*** Block opens ***

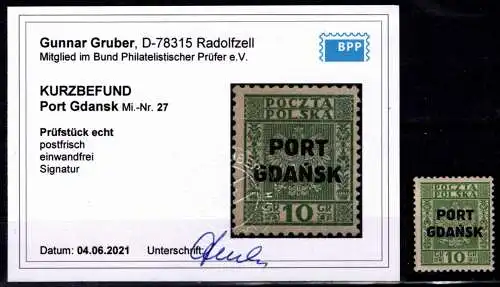 Port Gdansk 27 postfrisch Kurzbefund Gruber BPP #OH570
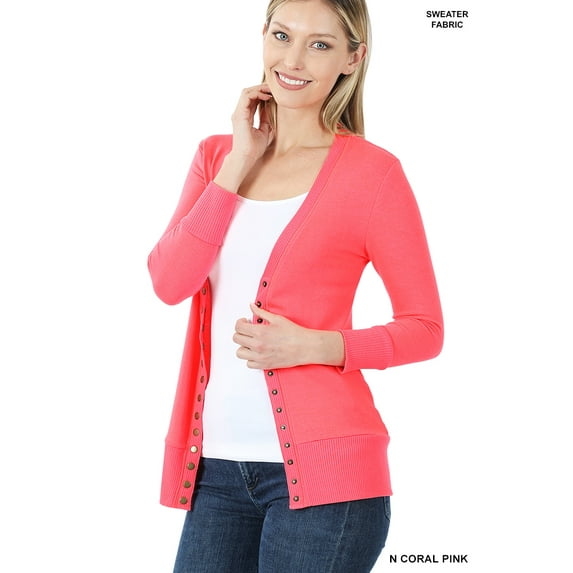 Zenana Women's Front V-Neck Classic Thin Snap Button Down 3/4 Sleeve Ribbed Knit Cardigan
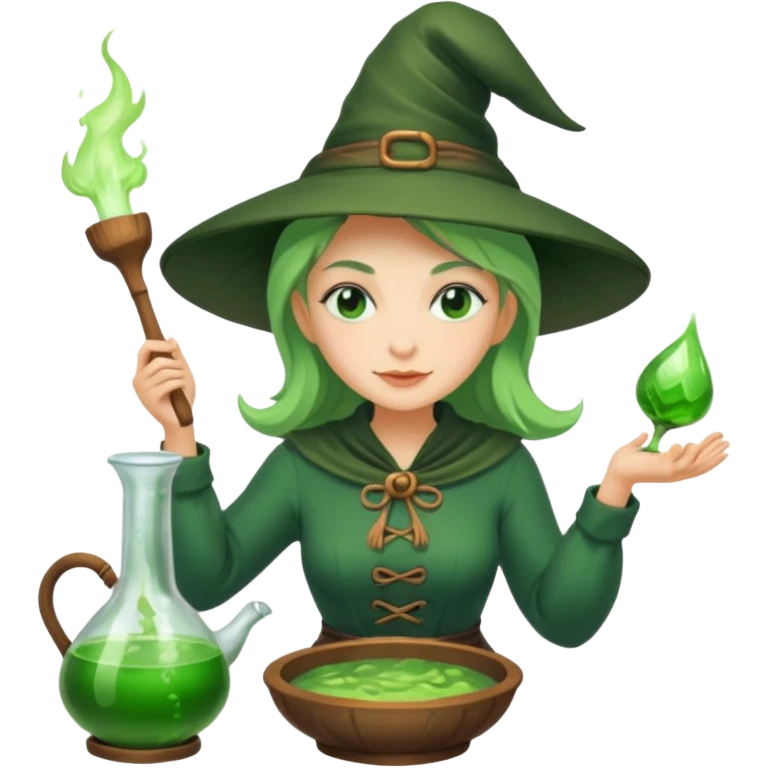 green witch cooking potion emoji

*** Block closes ***

#### EXERCISE DETAILS
Write out the data word for word. Any picture is to be skipped.

#### ANSWER SPACE
 Port Gdansk 27 postfrisch Kurzbefund Gruber BPP #OH570
 Zenana Women's Front V-Neck Classic Thin Snap Button Down 3/4 Sleeve Ribbed Knit Cardigan
 green witch cooking potion emoji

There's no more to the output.